CML V, LLC v. Bax, C.A. No. 5373-VCL (Del.Ch. Nov. 3, 2010), read opinion here. This is an important decision of the Court of Chancery involving the interpretation of the Delaware LLC Act and the rights of creditors to pursue a derivative claim for breach of fiduciary duty.

Issue Decided.

The Delaware Court of Chancery addressed whether a creditor had standing, based on the Delaware LLC Act, to pursue a derivative claim against an insolvent LLC, similar to a creditor’s right to do so against an insolvent corporation. Short Answer: No.

Brief Summary of Decision

CML V, LLC ("CML") lent funds to JetDirect Aviation Holdings LLC. The complaint plausibly plead that JetDirect was insolvent and CML asserted derivative claims against the LLC managers, alleging breach of fiduciary duty and related claims.

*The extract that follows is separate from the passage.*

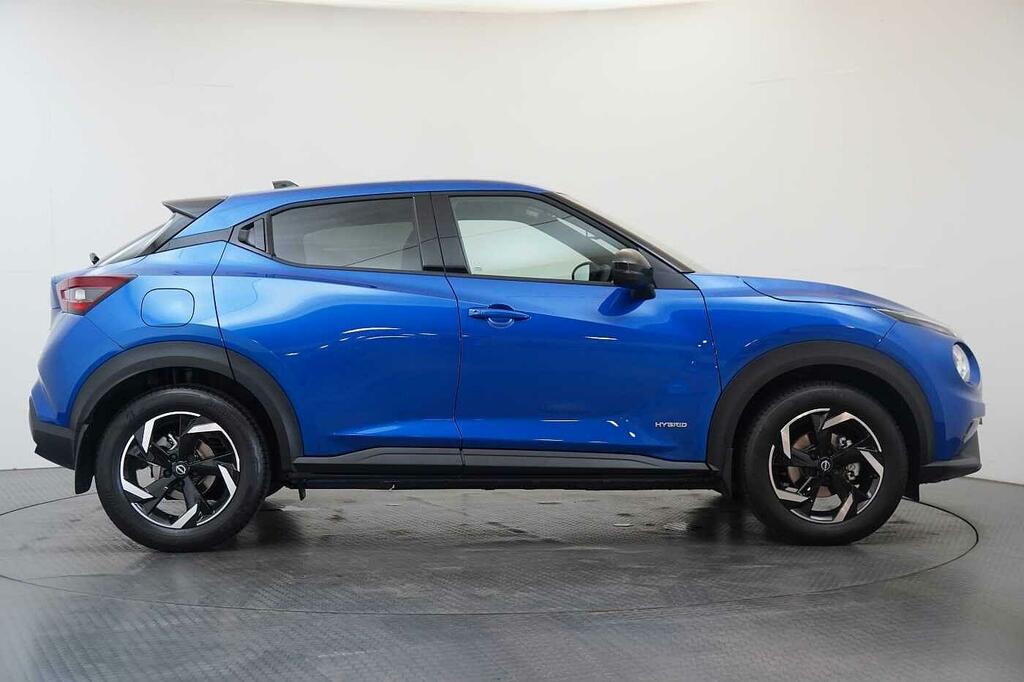 Nissan Juke 1.6 143 Hev Hybrid N-connecta With Sat Nav An SJ23UON Blue #6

The Individual Defendants moved to dismiss those claims based on Section 18-1002 of the Delaware LLC Act.

The Court reasoned that: Section 18-1002 "limits standing to bring a derivative claim to holders of membership interests in a limited liability company ("LLC") and their assignees. Section 18-1002 does not grant standing to creditors…. JetDirect is not a corporation. JetDirect is an LLC, and the plain language of the LLC Act controls."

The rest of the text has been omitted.